_WHAT IS NEEDED_: Look for the word "Naples" in the entries and copy every line where it shows up.

--- PROVIDED RECORDS ---

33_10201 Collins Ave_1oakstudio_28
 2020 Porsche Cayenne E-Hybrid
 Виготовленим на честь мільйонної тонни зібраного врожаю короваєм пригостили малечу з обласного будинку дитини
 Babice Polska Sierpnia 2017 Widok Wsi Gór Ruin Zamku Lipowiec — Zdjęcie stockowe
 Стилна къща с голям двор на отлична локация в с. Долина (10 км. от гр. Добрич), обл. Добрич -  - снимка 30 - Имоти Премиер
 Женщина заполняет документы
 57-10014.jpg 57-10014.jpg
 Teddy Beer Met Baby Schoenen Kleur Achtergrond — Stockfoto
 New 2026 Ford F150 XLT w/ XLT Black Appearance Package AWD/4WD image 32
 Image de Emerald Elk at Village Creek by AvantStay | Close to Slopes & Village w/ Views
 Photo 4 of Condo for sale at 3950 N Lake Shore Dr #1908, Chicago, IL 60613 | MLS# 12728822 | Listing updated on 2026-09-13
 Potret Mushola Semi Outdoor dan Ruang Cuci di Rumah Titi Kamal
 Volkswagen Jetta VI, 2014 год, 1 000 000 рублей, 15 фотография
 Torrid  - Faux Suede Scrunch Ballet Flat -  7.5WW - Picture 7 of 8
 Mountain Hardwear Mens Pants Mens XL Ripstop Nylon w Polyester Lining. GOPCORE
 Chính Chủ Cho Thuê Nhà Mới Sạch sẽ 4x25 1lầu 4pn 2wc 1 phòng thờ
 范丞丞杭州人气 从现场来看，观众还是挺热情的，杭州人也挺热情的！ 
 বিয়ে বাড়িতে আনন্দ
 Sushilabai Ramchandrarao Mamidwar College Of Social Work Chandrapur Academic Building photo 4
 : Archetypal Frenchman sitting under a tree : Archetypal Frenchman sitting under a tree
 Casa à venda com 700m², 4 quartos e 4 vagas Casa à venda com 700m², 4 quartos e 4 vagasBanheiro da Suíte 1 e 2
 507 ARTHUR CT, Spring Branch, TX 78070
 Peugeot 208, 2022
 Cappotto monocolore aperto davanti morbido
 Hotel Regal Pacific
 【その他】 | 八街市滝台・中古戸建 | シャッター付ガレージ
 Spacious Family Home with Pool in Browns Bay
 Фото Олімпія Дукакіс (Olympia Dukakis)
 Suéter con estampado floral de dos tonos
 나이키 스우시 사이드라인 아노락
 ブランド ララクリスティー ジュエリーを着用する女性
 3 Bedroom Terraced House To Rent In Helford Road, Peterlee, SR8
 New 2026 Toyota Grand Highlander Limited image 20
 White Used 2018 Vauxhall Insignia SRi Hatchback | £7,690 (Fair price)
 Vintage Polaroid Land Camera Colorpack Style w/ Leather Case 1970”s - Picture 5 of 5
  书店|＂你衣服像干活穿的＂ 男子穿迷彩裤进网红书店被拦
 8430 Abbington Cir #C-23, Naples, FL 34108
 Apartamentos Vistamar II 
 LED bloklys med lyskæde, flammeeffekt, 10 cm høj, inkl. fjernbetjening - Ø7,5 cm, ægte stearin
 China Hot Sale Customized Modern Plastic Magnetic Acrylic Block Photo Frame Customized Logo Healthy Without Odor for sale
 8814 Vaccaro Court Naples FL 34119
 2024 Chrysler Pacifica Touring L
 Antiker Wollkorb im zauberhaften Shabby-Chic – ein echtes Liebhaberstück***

---

_SOLUTION_:
 8430 Abbington Cir #C-23, Naples, FL 34108
 8814 Vaccaro Court Naples FL 34119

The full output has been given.